SOUTH PORTLAND — Jack Kuntz picked his way through the rows of gravestones at Forest City Cemetery in South Portland hunting for fellow veterans, with a makeshift hole digger in hand and dozens of American flags tucked under his suspenders.
The 70-year-old Marine veteran from Portland scanned each headstone for any mention of military, police or fire service. He lingered over the grave of Frank Sawyer, an Army private during World War II. He tidied up the bronze marker and made sure the flag he’d planted stood up straight.
“I do this for the ones who can’t,” Kuntz said. “The flags are a way to show respect, to show they’re not forgotten. Some of these graves go as far back as the Civil War. Some are new, from Afghanistan, Iraq. Old, new, doesn’t matter. We remember them all.”
Kuntz was one of a dozen members of the American Legion Harold T. Andrews Post 17 who turned out last week to decorate for Memorial Day the graves of at least 1,600 veterans interred in the Lincoln Street cemetery. About one in every 17 graves here marks a veteran’s final resting place.
In 2000, Maine began requiring municipalities to place flags on the individual graves of all veterans in honor of Memorial Day. In the past, towns had been able to honor their war dead by putting up a single flagpole and by ringing a public bell. The bell-ringing was optional, if it came at a cost.
The change met with opposition from some municipal leaders worried about the cost of buying the flags and the difficulty of finding all their war dead. For example, Lewiston, a one-time flagpole city, bought 5,000 flags in 2001 after estimating that one-third of all its burials were veterans.
American Legion posts across the state join other veterans groups, churches, youth clubs, businesses, and churches to help towns comply with the law and honor those who served. Most towns require the groups to collect the flags after the holiday.

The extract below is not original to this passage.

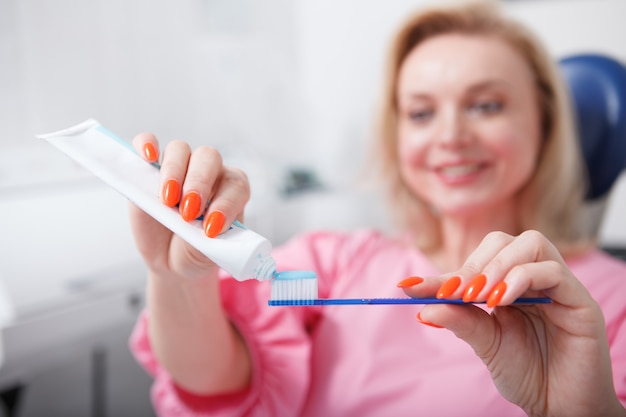 El enfoque selectivo en la mujer de pasta de dientes está apretando un cepillo de dientes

Some towns have mapped out all their veterans’ burial sites, or created lists of names for the volunteer groups to check off, but Forest City has none. Instead, the volunteers walk the neatly laid-out corridors row by row, relying on their keen eyes not to miss one.
Each of the volunteers has their own routine, said Vietnam Marine veteran Paul Avery. He likes to say the names aloud, and keep track of which branches of service are popular among certain families or in the cemetery’s large Armenian and Greek sections.
Paula Hollenkamp of Westbrook has been placing flags on veterans’ graves at Forest City for the last 15 years. At first, she wasn’t much help. She found herself so fascinated by each individual veteran, and so awed by their sacrifice, that she didn’t cover much ground.
After years of practice, she has established a rapid yet respectful rhythm.
“I still make a point to think about every single one of them,” Hollenkamp said. “They deserve that. But they all deserve a flag, too, and I wouldn’t want somebody off in some way-off corner of the cemetery to go unmarked because I didn’t do my job.”
Curtis Ballantine, the commander of Kuntz’s American Legion post, has been decorating the Forest City Cemetery for Memorial Day for the last 11 years. The first time he did it, the Vietnam naval veteran was not sure how he’d feel. Sad? Angry? Dutiful? Instead, he walked away feeling great.
“There is an old saying that you die twice – once the day you actually die and the second time is the day that nobody remembers your name,” Ballantine said. “Doing this, we’re keeping all these veterans, and what they did for this country, alive.”